= Everard Mott Williams =

American academic and electrical engineer (1915–1972)

Everard Mott Williams (February 2, 1915 – October 24, 1972), noted scientist and educator, was born in New Haven, Connecticut. He was the son of Cecil Hayward Williams (1886-1972) of Detroit, Michigan and Phyllis Hope Hason (1886-1973) of London, England. His paternal grandfather was Rev. Gershom Mott Williams, paternal great-grandfather was General Thomas Williams, and his paternal 2nd great-grandfather was John Biddle, making him a part of the Biddle family.

He received a Ph.D. from Yale University in Electrical Engineering in 1939, served as the head of Carnegie Mellon University, Department of Electrical Engineering from 1952–1969 and has over 100 patents.

The broad scope of his accomplishments includes invention, engineering consulting, teaching methodology, and academic administration. Williams pioneered in programmed instruction and teaching machines, innovated electric discharge machining and contributed to electronic countermeasures.

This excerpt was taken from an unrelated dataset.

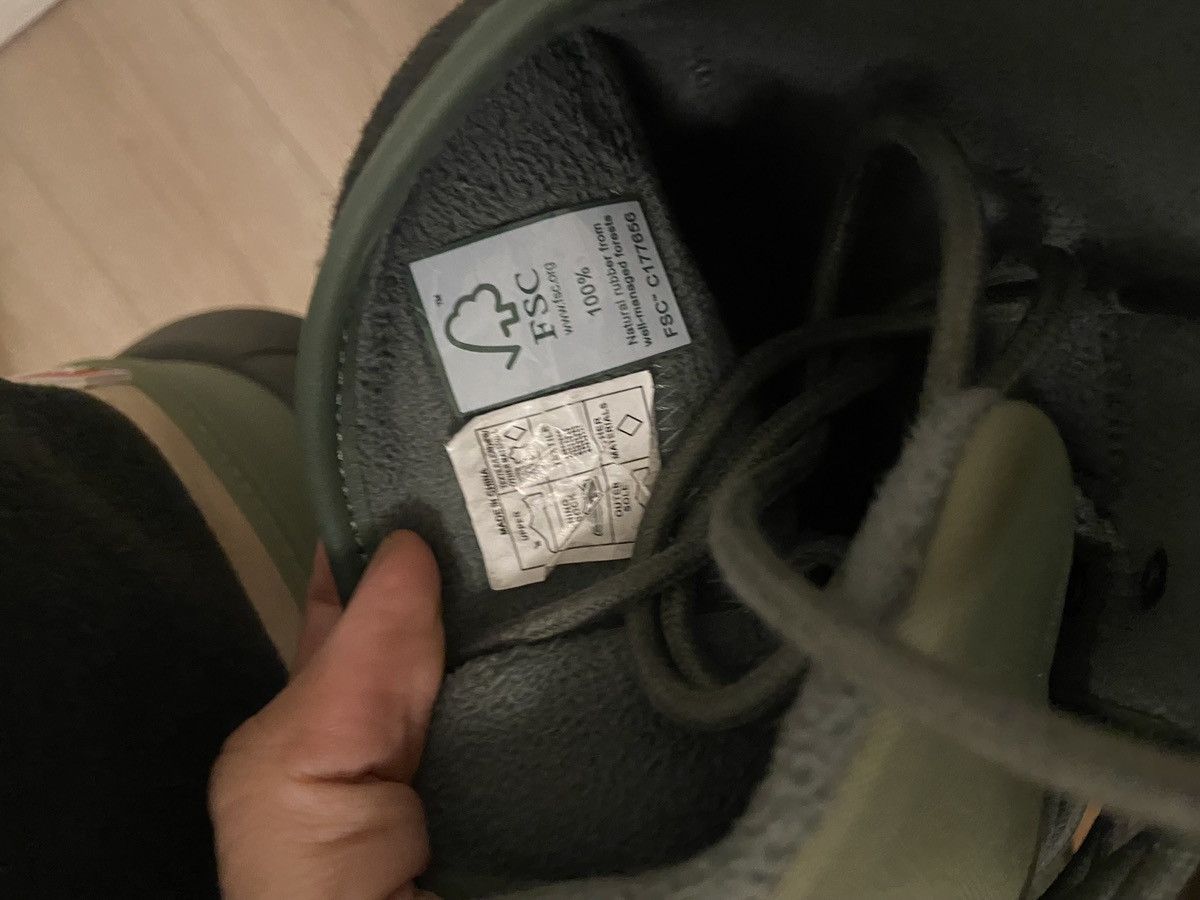 Kenzo Kenzo x Hunter Duck Boots Size US 12 / EU 45 - 8 Thumbnail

Williams started his teaching career at Penn State in 1939, but with the declaration of war in 1942, became associated with the development branch special projects laboratory at Wright Field as a Chief Branch Engineer. There he was concerned with work on radar, development of radio countermeasures, radio control for guided missiles, and infra red systems. He became an associate professor at Carnegie Mellon University in 1945 and became head of the Electrical Engineering department in 1952.

==Accomplishments==
- Recipient of a 1938 General Electric Charles A. Coffin fellowship totalling $5,000 for advanced study and research. The fellowship was used to investigate the properties of short-wave transmitting antennas.
- Eta Kappa Nu recognition award - 1946.
- George Westinghouse professor of the Carnegie Mellon University.
- Member Sigma Xi, Tau Beta Pi, The American Association of University Professors, The American Society of Engineering Education.
- 1952 awarded a $12,600 research grant by the National Science Foundation to support research in the field of Phenomena Accompanying Transient Low Voltage Sparkover in Liquid Dielectrics.
- Pittsburgh Man of the Year in 1959.
- Most Outstanding Young Electrical Engineer in the United States in 1946. The award by the Eta Kappa Nu, national electrical engineering fraternity, goes to persons under 35, and out of college 10 years, who have performed "meritorious service in the interest of mankind.".
- Cited by the President of the United States for "Outstanding fidelity and meritorious conduct in the aid of the war effort" in World War II. Awarded the President's Certificate of merit for World War II work on radar, guided missiles and infrared systems at Wright field in Dayton, Ohio.
- 1971 Western Electric Award for excellent instruction of engineering students.
- Designed the oscillator and deflector for the $2,500,000 synchro-cyclotron at Carnegie Tech.
- Developed a radar device during World War II which was used on US missiles from 1944 through 1960, which increased accuracy of directing the missile to its target.
- Consultant to Firth Sterling, Carbide corp, U.S. Army Ordnance Dept.
- Member of the board of directors of Electronic Associates.
- Served on NASA's research advisory committee on communications and data processing.
- Holds more than 100 patents in radar, guided missiles, photographic equipment, machine tools, electronic organs, and radio receivers, transmitters and jamming devices.